Consequently, by analytic continuation one can define \(J(p)\) on the entire \(p\)-plane. According to the generalized Liouville theorem, \(J(p)\) is some polynomial [1,2].
Since \(U_+'(0)\) must tend to zero as \(p\to\infty\), it follows from (8) that \(J(p)\) also tends to zero as \(p\to\infty\). But a polynomial tends to zero as \(p\to\infty\) only if it is identically zero: \(J(p)=0\). Hence
\[ \frac{U_+'(0)}{\sqrt{p+ik}} -\frac{F(k^2)\sqrt{-ib-ik}}{\sqrt{2\pi}\,(ip-b)} = \]
\[ =-\sqrt{p-ik}\,U_-(0) +\frac{\left(\sqrt{p-ik}-\sqrt{-ib-ik}\right)F(k^2)} {\sqrt{2\pi}\,(ip-b)} =0. \]
or
\[ U_{+}'(0)=\frac{\sqrt{-ib-ik}\,F(k^2)\sqrt{p+ik}}{\sqrt{2\pi}(ip-b)} \]
and
\[ U_{-}(0)=\frac{(\sqrt{p-ik}-\sqrt{-ib-ik})F(k^2)} {\sqrt{2\pi}(ip-b)\sqrt{p-ik}} . \tag{9} \]
One can find the solution of the given problem by means of contour integrals, determining \(A(p)\) from equations (5). However, in this form the contour integrals are very difficult to compute; therefore we apply the following method.

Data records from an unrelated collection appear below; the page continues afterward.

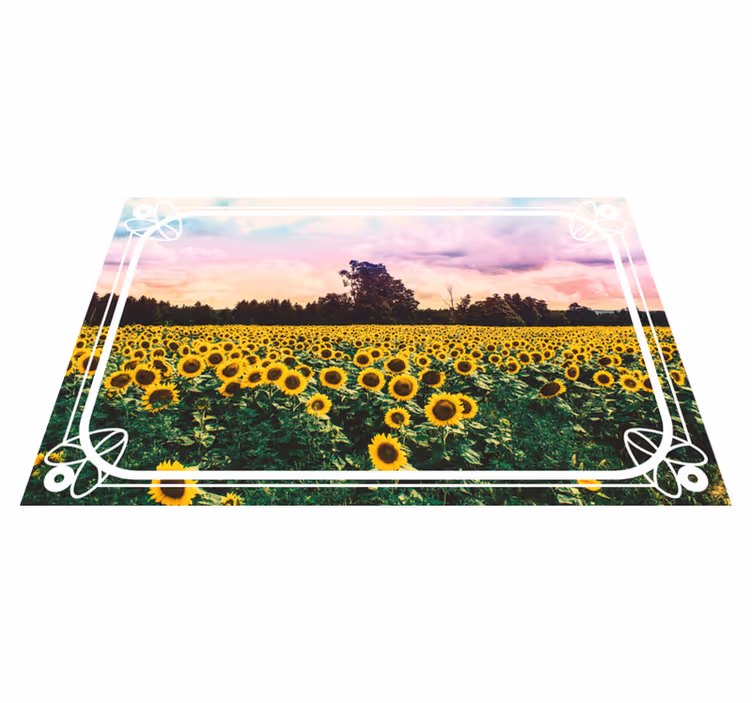 Zonnebloemveld scène vinyl tapijt natuur - TenStickers
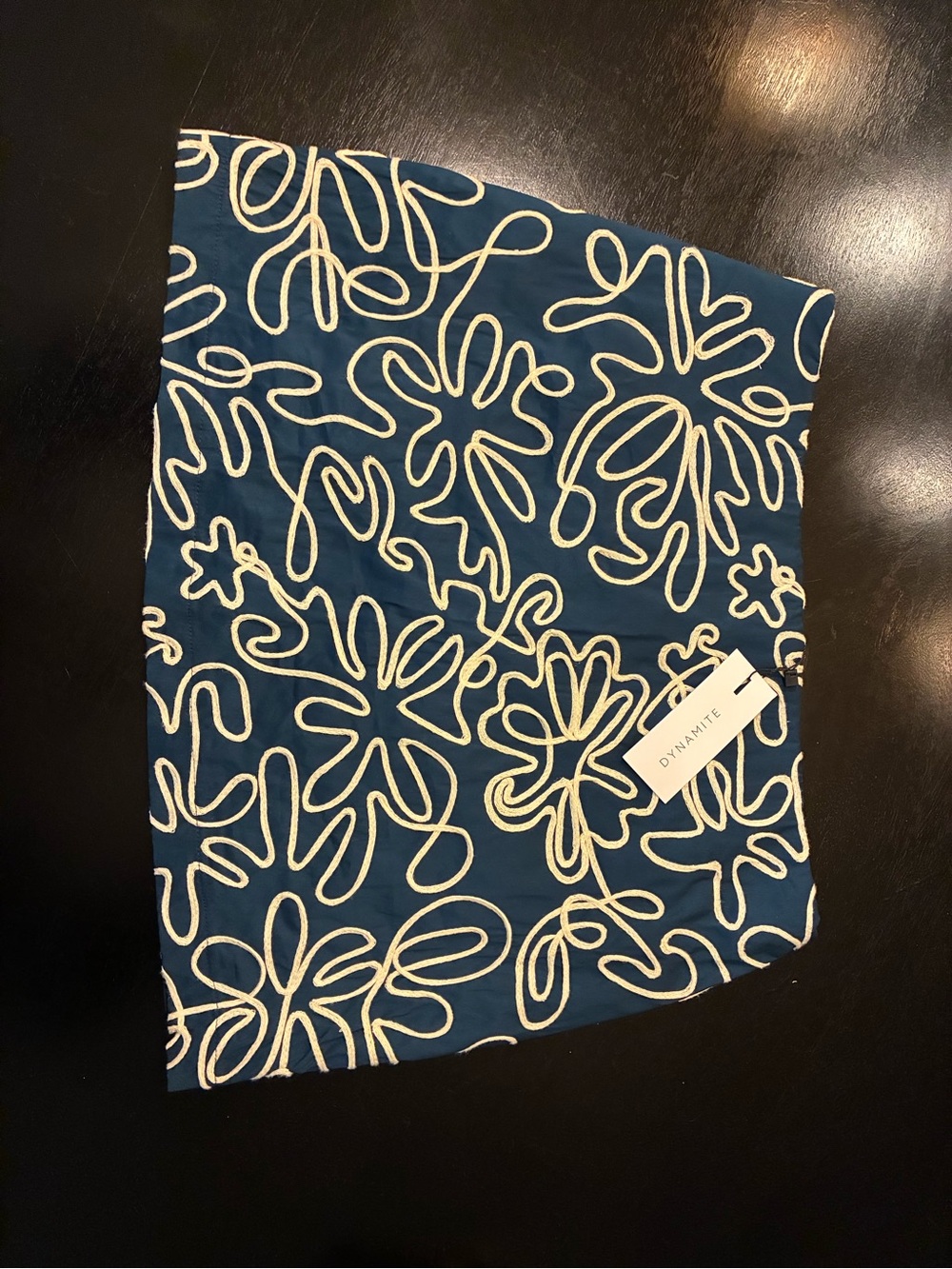 Dynamite Navy and White Mini Skirt with Abstract Floral Outline
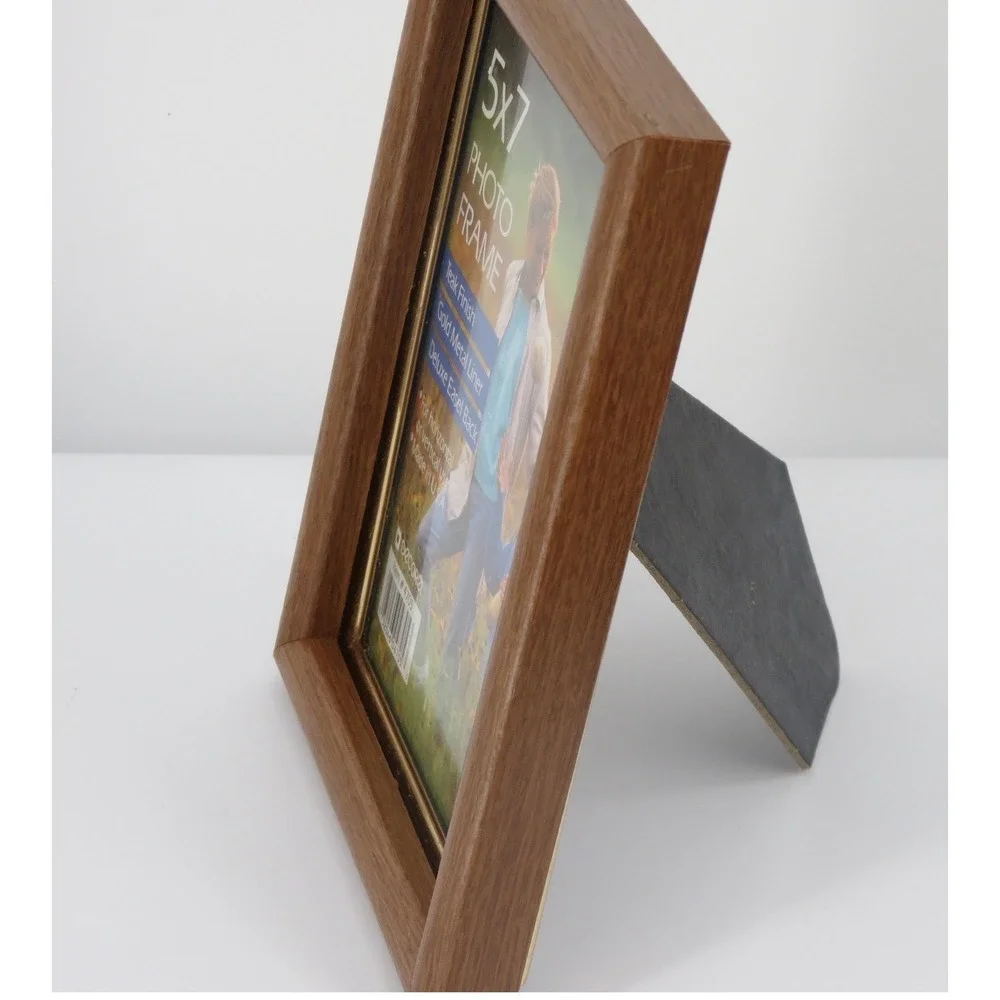 Vintage Decorel 5x7 Teak Photo Frame, 1990s Retro Traditional Americana Style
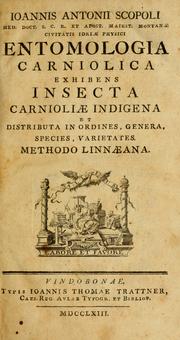 Cover of: Ioannis Antonii Scopoli Med. Doct. S.C.R. ... Entomologia Carniolica exhibens insecta Carnioliae indigena et distributa in ordines, genera, species, varietates by Scopoli, Giovanni Antonio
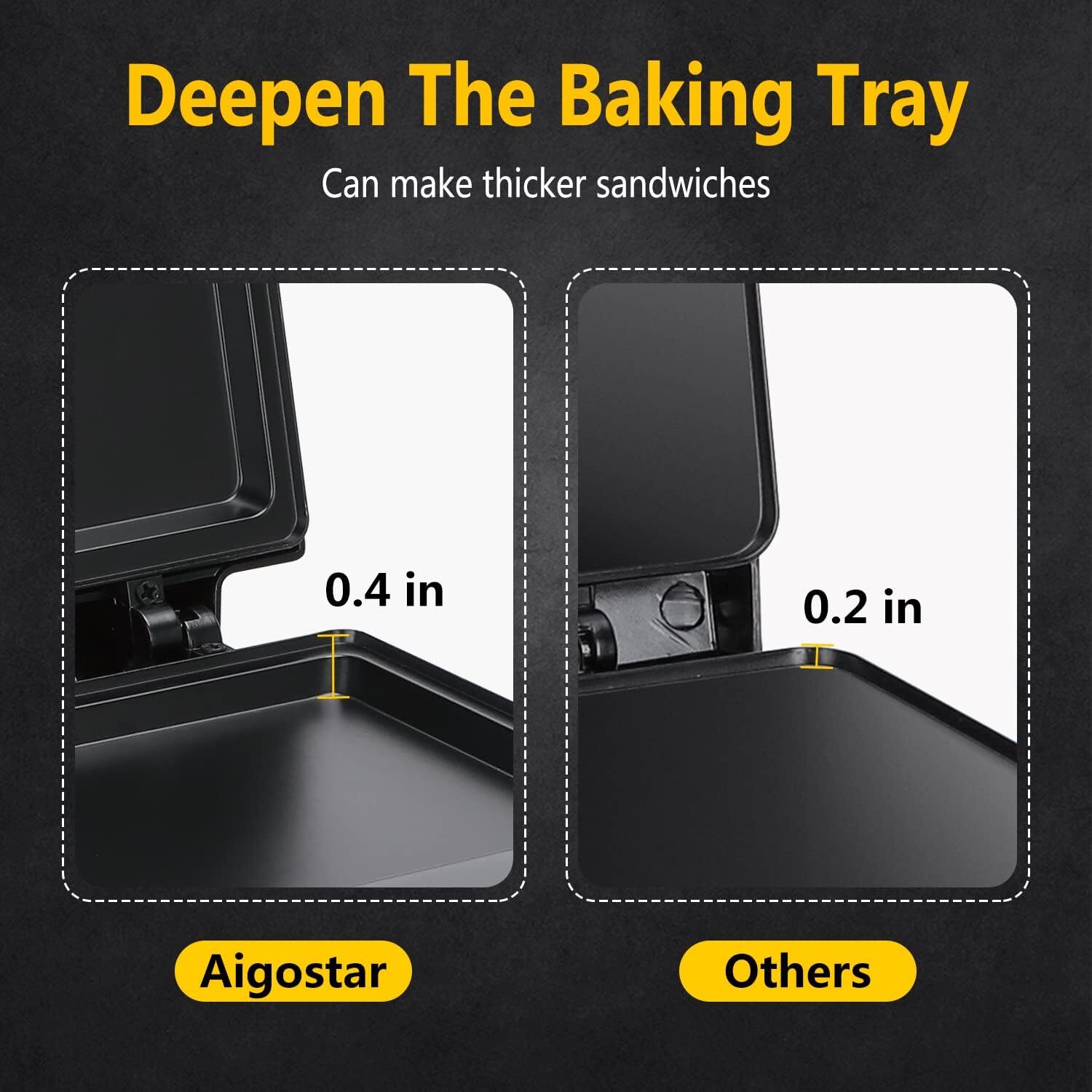 Sandwich maker with non-stick deep mesh surface, compact electric oven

In order to simplify the subsequent exposition, let us consider the case \(f(t)=1\), \(b=1\) (the general case is carried out analogously). Applying the inverse Fourier transform and using tables [3], we determine \(\dfrac{\partial}{\partial y}\bar u(x,0)\) for \(x>0\):
\[ -\frac{\partial}{\partial y}\bar u(x,0) = \frac{1}{\sqrt{\pi x}}\frac{1}{s}e^{-x\sqrt{s}}\sqrt{1+\sqrt{s}} +\frac{1}{s}\sqrt{s-1}\,e^{-x} - \operatorname{erfc}\sqrt{(\sqrt{s}-1)x}\,e^{-x}\frac{1}{s}\sqrt{s-1}. \tag{10} \]
Here, as also below, the branches of the roots are chosen so that when the real part of the radicand is greater than zero, the real part of the root is greater than zero.
Using the well-known relation of operational calculus
\[ \frac{F(\sqrt{s})}{\sqrt{s}} \doteq \frac{1}{\sqrt{\pi t}}\int_{0}^{\infty} f(\tau)e^{-\frac{\tau^2}{4t}}\,d\tau, \tag{11} \]
where \(f(t)\doteq F(s)\), which follows from Efros’s theorem, we pass to the original [3], finding in this way the original of each term of (10) separately. Then, relying on the relation
\[ \frac{e^{-sx}\sqrt{s+1}}{s} \doteq \begin{cases} 0, & \text{for } t<x,\\[6pt] \dfrac{1}{\sqrt{\pi(t-x)}}\exp(x-t)+\operatorname{erf}\sqrt{t-x}, & \text{for } t>x, \end{cases} \]
we obtain
\[ \frac{1}{\sqrt{\pi x}}\frac{1}{s}e^{-x\sqrt{s}}\sqrt{1+\sqrt{s}} \doteq \frac{1}{\pi\sqrt{tx}}\int_{x}^{\infty}e^{-\frac{\tau^2}{4t}} \times \]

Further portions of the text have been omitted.